Source records
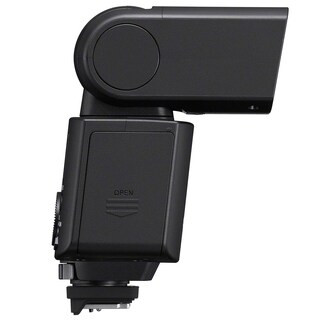 Foto 5 | Control De Radio Inalámbrico Sony Gn46 Con Flash Externo Pequeño - Venta Internacional.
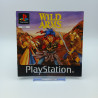 Wild Arms PS1 PAL ITA
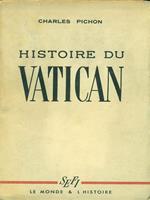 Histoire du Vatican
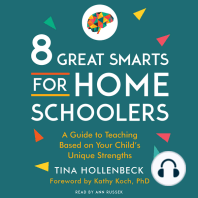 8 Great Smarts for Homeschoolers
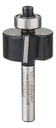 FRESA RIBETEADORA C/BALERO 1/2" BOSCH - 2608628417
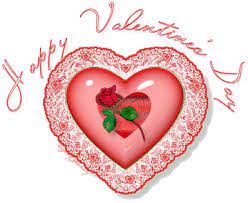 7 Wonders Of The World Animated Valentine S Day Wallpaper History Happy Valentines Day Happy Valentine Animated Valentines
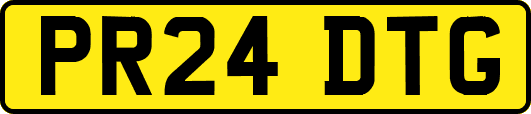 PR24DTG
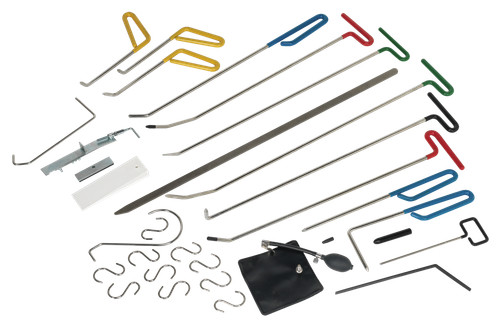 Sealey re102 professionelles - sealey,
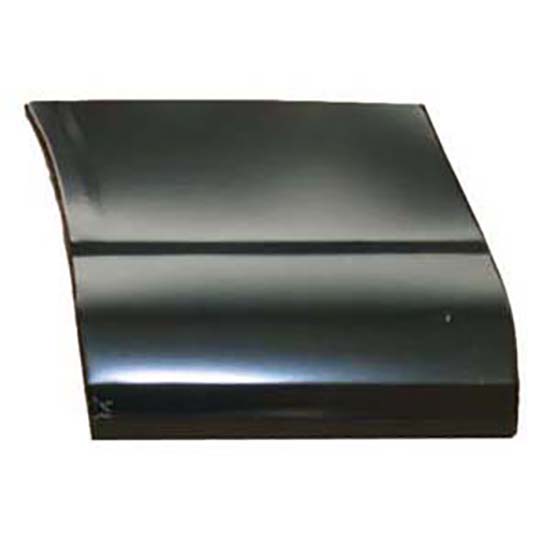 Golden Star FE01-701L Fender Patch, LH, 1970-81 Camaro
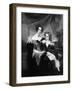 Emma Countess of Derby-FC Hurlestone-Framed Art Print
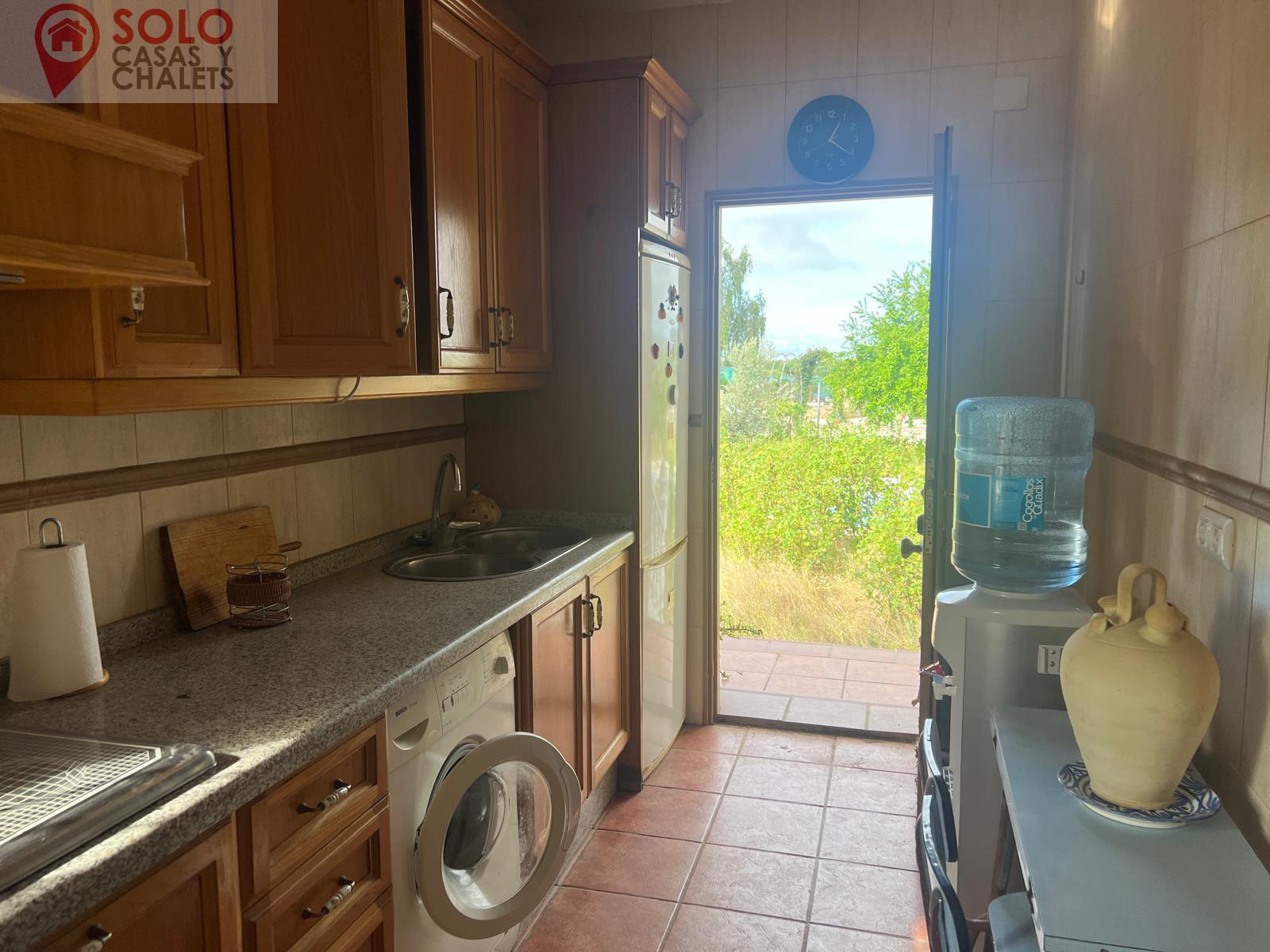 Venta de casa en Córdoba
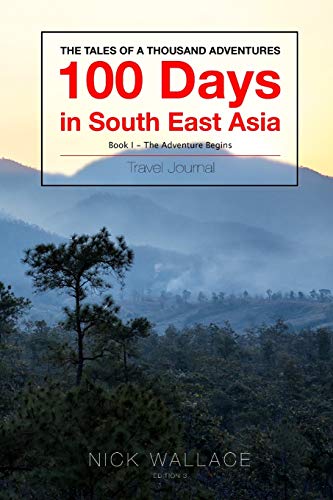 Beispielbild fr Book 1 - 100 Days in South East Asia zum Verkauf von Buchpark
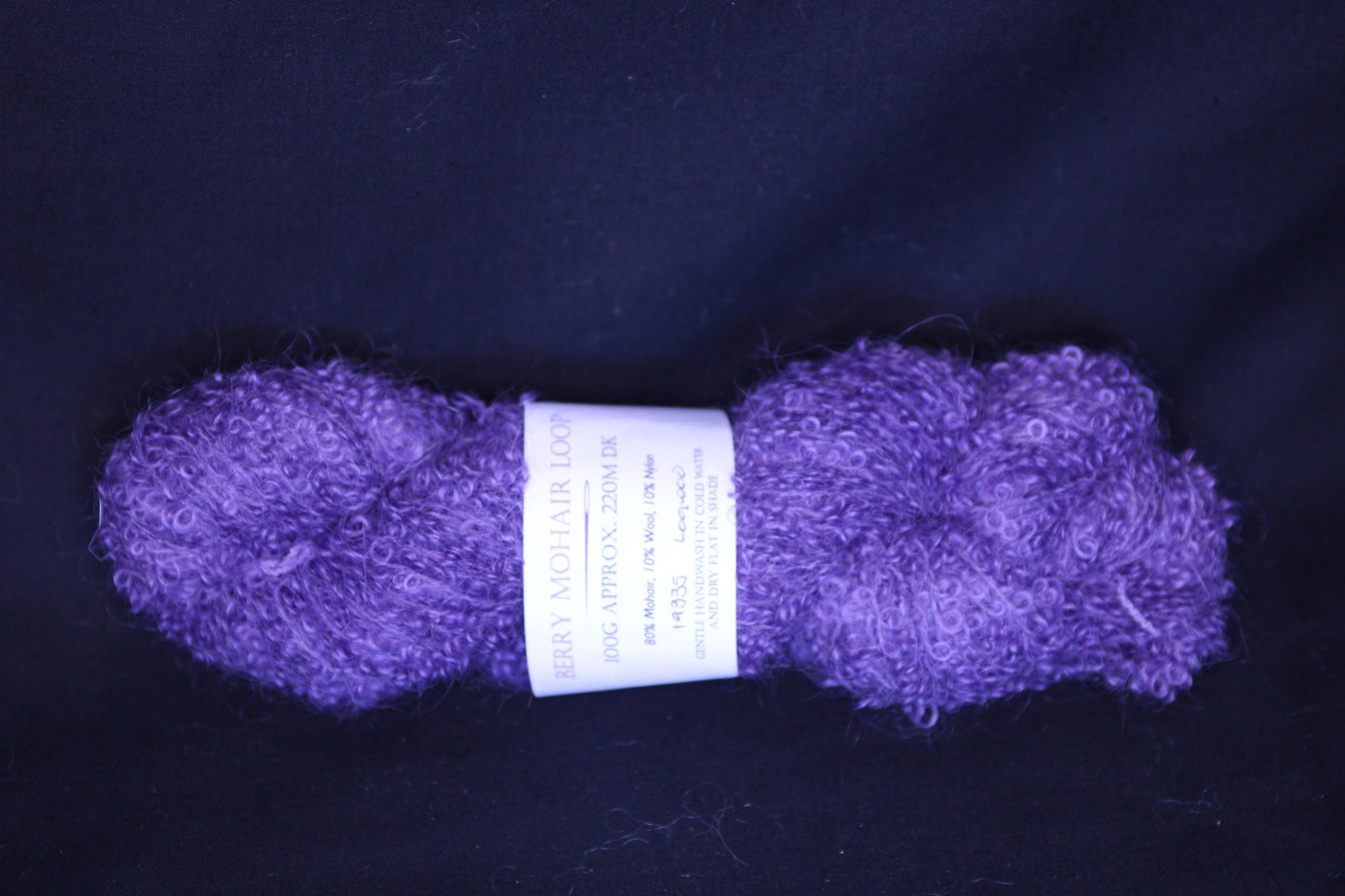 Bubble scarf kit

§ **TASK BRIEF**: From the line with "Wild Arms PS1 PAL ITA" down to the final line of the entries above, repeat each line exactly; omit the pictures.

§ **EXERCISE RESULT**:
 Wild Arms PS1 PAL ITA
 Histoire du Vatican
 8 Great Smarts for Homeschoolers
 FRESA RIBETEADORA C/BALERO 1/2" BOSCH - 2608628417
 7 Wonders Of The World Animated Valentine S Day Wallpaper History Happy Valentines Day Happy Valentine Animated Valentines
 PR24DTG
 Sealey re102 professionelles - sealey,
 Golden Star FE01-701L Fender Patch, LH, 1970-81 Camaro
 Emma Countess of Derby-FC Hurlestone-Framed Art Print
 Venta de casa en Córdoba
 Beispielbild fr Book 1 - 100 Days in South East Asia zum Verkauf von Buchpark
 Bubble scarf kit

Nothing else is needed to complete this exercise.